Die Entlassungstatbestände des § 82 lit f GewO sind im Sinn des § 27 Z 4 AngG auszulegen. Demnach hat ein Arbeiter die Arbeit unbefugt verlassen (§ 82 lit f erster Tatbestand GewO), wenn er ohne rechtmäßigen Hinderungsgrund während einer den Umständen nach erheblichen Zeit die Dienstleistung unterlässt (RIS-Justiz RS0029517). Erheblich ist ein Versäumnis dann, wenn es nach der Dauer der versäumten Arbeitszeit, nach Maßgabe der Dringlichkeit der zu verrichtenden Arbeit oder aufgrund des Ausmaßes des infolge des Versäumnisses nicht erzielten Arbeitserfolges oder der sonstigen dadurch eingetretenen betrieblichen Nachteile besondere Bedeutung besitzt. Demzufolge ist das Versäumnis von nur einigen Stunden dann nicht als erheblich zu beurteilen, wenn es sich um eine einmalige Entgleisung handelt, der Angestellte nicht gerade in dieser Zeit besonders dringliche Arbeiten zu verrichten gehabt hätte und wenn der dadurch hervorgerufene Arbeitsausfall nicht außergewöhnlich groß war (Kuderna, Entlassungsrecht2 102). Es kommt also nicht alleine darauf an, wie lange die Unterlassung der Dienstleistung dauerte, sondern vor allem auf die Würdigung der besonderen Umstände, unter denen sie erfolgte. Nicht die absolute Dauer der Arbeitsversäumis ist entscheidend, sondern die Bedeutung der Arbeitsleistung des Arbeitnehmers gerade während dieser Zeit (Martinek/M. Schwarz/W. Schwarz, Angestelltengesetz7 629). So wurde von der Rechtsprechung bei eingeschränkten Betrieb sogar eine mehrtägige Abwesenheit als nicht erheblich beurteilt (8 ObA 21/02z), während in einem anderen Fall (RdW 1988, 53) schon das Fernbleiben im Umfang einer Stunde als erheblich angesehen wurde, weil dadurch der Betriebsablauf maßgeblich behindert worden war. Im vorliegenden Fall wurde von der beklagten Partei, welche für das Vorliegen eines Entlassungsgrundes, insbesondere daher auch für die Umstände beweispflichtig gewesen wäre, aus denen auf ein erhebliches Dienstversäumnis hätte geschlossen werden können, nicht einmal behauptet, dass dringende Arbeiten angestanden, ein Arbeitserfolg nicht erzielt oder sonstige betriebliche Nachteile eingetreten seien. Die Dauer der Abwesenheit von 4 ¾ Stunden kann daher im vorliegenden Fall als noch nicht so erheblich keine Entlassung nach § 82 lit f erster Tatbestand GewO 1859 begründen.
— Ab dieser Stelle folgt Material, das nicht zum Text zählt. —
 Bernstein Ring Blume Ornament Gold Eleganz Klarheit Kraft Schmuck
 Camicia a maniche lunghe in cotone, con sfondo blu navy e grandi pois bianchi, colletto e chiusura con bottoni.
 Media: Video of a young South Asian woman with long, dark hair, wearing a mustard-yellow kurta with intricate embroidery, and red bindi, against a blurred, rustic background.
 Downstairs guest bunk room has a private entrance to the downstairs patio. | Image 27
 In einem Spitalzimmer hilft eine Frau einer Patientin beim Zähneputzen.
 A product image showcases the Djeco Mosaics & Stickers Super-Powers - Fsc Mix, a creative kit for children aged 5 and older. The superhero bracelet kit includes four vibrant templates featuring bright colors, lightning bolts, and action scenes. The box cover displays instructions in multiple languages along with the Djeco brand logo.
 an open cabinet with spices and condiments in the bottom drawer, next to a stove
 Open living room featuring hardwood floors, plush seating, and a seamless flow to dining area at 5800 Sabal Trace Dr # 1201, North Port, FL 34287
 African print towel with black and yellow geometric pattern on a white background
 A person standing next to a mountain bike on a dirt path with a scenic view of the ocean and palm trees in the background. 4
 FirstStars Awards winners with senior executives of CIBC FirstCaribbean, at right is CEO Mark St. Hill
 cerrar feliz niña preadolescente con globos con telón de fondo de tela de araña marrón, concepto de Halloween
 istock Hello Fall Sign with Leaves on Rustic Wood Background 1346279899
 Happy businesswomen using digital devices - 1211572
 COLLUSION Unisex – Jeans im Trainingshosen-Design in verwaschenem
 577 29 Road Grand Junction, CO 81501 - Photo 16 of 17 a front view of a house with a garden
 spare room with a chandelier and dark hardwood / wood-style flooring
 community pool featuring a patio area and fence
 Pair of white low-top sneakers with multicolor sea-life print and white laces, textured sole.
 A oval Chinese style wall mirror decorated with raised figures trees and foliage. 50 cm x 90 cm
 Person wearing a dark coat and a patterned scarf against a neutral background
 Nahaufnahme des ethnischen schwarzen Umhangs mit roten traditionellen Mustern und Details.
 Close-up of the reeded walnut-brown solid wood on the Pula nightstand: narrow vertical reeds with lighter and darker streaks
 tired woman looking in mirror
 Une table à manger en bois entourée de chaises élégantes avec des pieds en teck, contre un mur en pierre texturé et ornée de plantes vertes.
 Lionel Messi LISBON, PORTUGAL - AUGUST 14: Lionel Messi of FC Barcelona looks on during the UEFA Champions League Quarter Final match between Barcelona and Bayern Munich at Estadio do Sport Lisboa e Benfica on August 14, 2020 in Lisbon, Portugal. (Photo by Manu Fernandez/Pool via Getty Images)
Soweit sich die beklagte Partei in ihrer Revision insbesondere auf den zweiten Tatbestand der genannten Bestimmung stützt, vermag ihre Argumentation ebenfalls nicht zu überzeugen. Unabdingbare Voraussetzung für den Entlassungsgrund der Pflichtenvernachlässigung im Sinn des § 82 lit f zweiter Tatbestand GewO 1859 ist nämlich die Beharrlichkeit. Eine solche ist aber im vorliegenden Fall nicht zu erkennen. Soweit sich die Revisionswerberin insbesondere auf die Entscheidung 8 ObA 196/01h = RdA 2002, 156 ua beruft, lag dort ein wesentlich anderer Sachverhalt, nämlich eine Reihe wiederholter Pflichtverletzungen und erfolgloser Ermahnungen in der Vergangenheit vor, woraus auf die Beharrlichkeit der Pflichtverletzung geschlossen werden konnte. An diesem Element fehlt es hier, zumal frühere Beanstandungen des 21 Jahre im Betrieb beschäftigten Klägers nicht festgestellt werden konnten. Das Berufungsgericht hat daher auch den zweiten Tatbestand des § 82 lit f GewO 1859 zutreffend verneint. Die Kostenentscheidung gründet sich auf §§ 41, 50 Abs 1 ZPO.